In Steven Rubin’s Vacationland, a photography collection that examines life in rural Maine over a 30-year period starting in the early 1980s, an essay by Patricio Maya Solís introduces the work. The essay, titled “Why Do Hipsters Grow Mullets?,” places the aesthetics depicted in Rubin’s photographs into a larger, more current cultural framework. Specifically, Solís focuses on the way that pop culture at large has become fascinated with America’s rural and suburban poor. He does so by highlighting tabloid and gossip magazine coverage of Rihanna’s “White Trash Chic” phase; Levi’s 2010 “Go Forth” campaign, which sought to capitalize on the blue collar origins of the company’s work wear by filming in the economically impoverished mill town of Braddock, Pennsylvania (and casting the townspeople as models); and ends with an exercise in stream-of-consciousness that invokes such names as Ed Hardy, Megan Fox, Kid Rock, My Name is Earl, and Trailer Park Boys as primary examples of the nation’s trend toward low-brow.

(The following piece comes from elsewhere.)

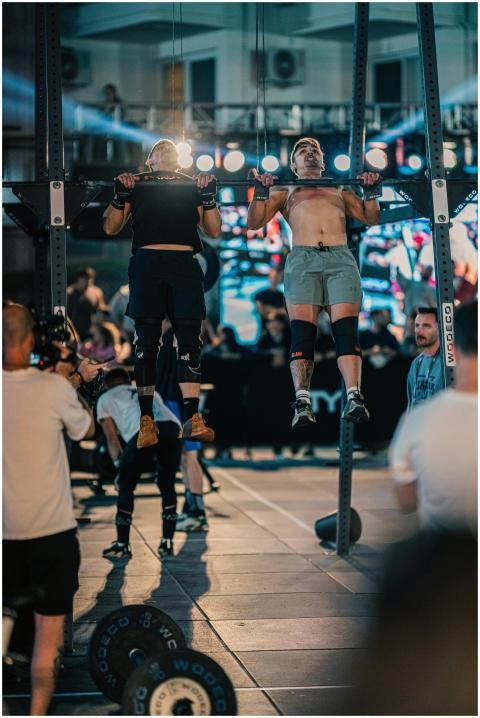 Athletes performing pull-ups at a vibrant fitness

That Solís points to this voyeuristic, surface-level fascination with how the other half lives — i.e., those living in poverty and on the margins of “normal” middle class society — aligns with my own longstanding fixation. Not so much as a spectator, of course, but as a journalist. After all, I stumbled upon his essay while searching for footage from the Levi’s shoots directed by curator and filmmaker Aaron Rose, prompted by a deeper interest in the concept of cultural safari — research for an article I’m writing about postindustrial tourism. One point that Solís makes in his essay, however, really stood out. In recounting Time‘s coverage of Rubin’s Vacationland, he mentions how the residents of Maine reacted to seeing such a raw depiction of the place where they live. Bluntly stated: “[Residents] thought Rubin made rural Maine look like a shithole.”

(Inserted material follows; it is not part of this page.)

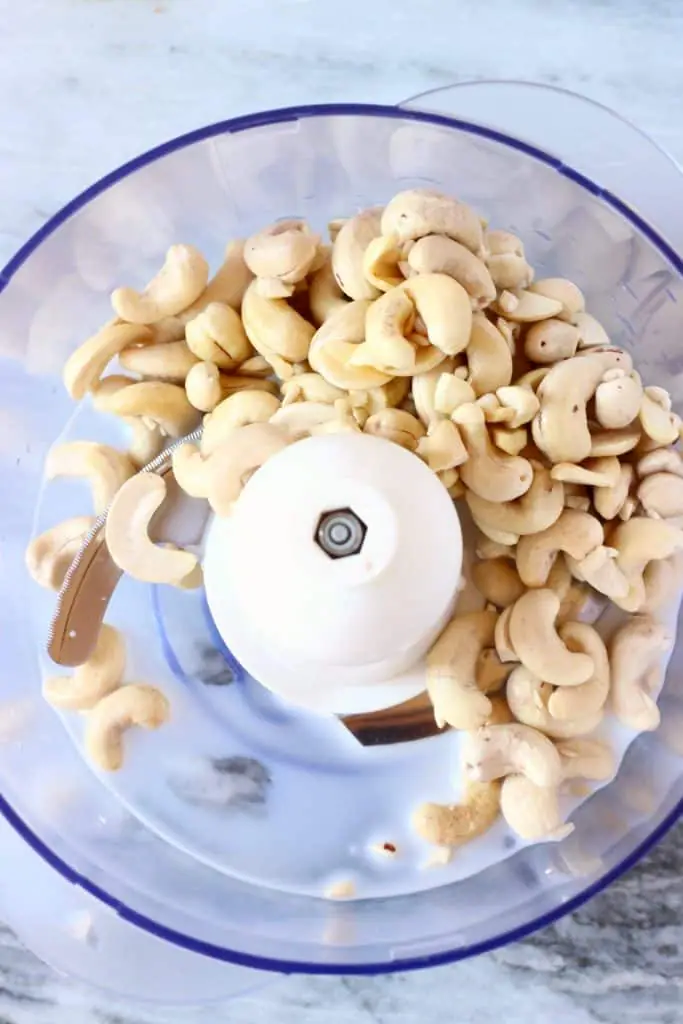 Photo of cashew nuts in a food processor against a marble background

This speaks to a broader problem in journalism — both written and photographic — and that’s the notion of reality versus boosterism. (The latter term being best defined as “the enthusiastic promotion of a person, place, organization, or cause.”) When a place, such as Somerset County in northwestern Maine (as in Rubin’s case), is depicted in less-than-rosy terms, there’s bound to be a certain amount of backlash from locals. It’s the nature of the relationship that the media has with the public. As often is the case, the public is skeptical of the media. But people also don’t like seeing their hometown or region portrayed in a negative light. And more often than necessary, the media provides neatly packaged depictions of topics that filter out the bad (e.g., see any profile written on the cities of Pittsburgh and Portland in recent years). In Rubin’s case, however, his long-term commitment to telling the stories of this marginalized community — far from “the highways, historic lighthouses, and second homes” often identified with Maine — speaks to a higher level of dedication, and a desire to accurately document what he had seen on his many visits over the years.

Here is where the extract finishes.